• _DATA SEGMENT_
━━━━━━━━━━━━━━━━━━━━━━━━━━━━━━

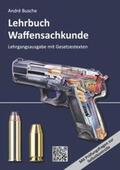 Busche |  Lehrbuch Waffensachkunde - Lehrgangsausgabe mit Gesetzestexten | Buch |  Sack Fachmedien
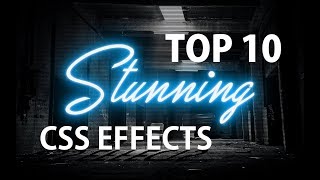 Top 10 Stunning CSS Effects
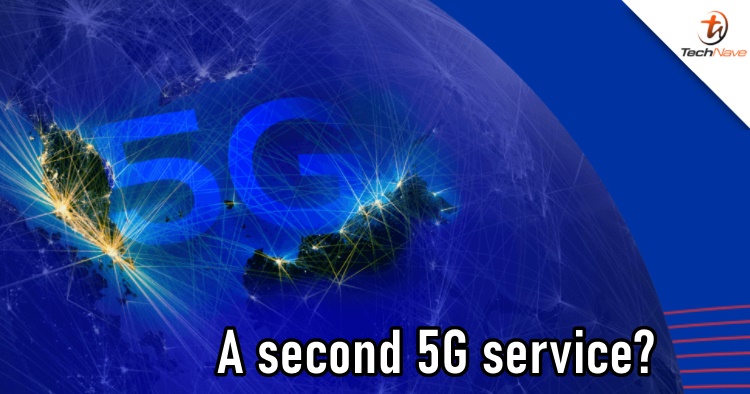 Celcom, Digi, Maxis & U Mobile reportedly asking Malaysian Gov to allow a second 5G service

━━━━━━━━━━━━━━━━━━━━━━━━━━━━━━

• _EXERCISE AIM_
Whenever a picture appears in the listing, leave it out; copy everything else exactly.

• _TASK RESULT_
 Busche |  Lehrbuch Waffensachkunde - Lehrgangsausgabe mit Gesetzestexten | Buch |  Sack Fachmedien
 Top 10 Stunning CSS Effects
 Celcom, Digi, Maxis & U Mobile reportedly asking Malaysian Gov to allow a second 5G service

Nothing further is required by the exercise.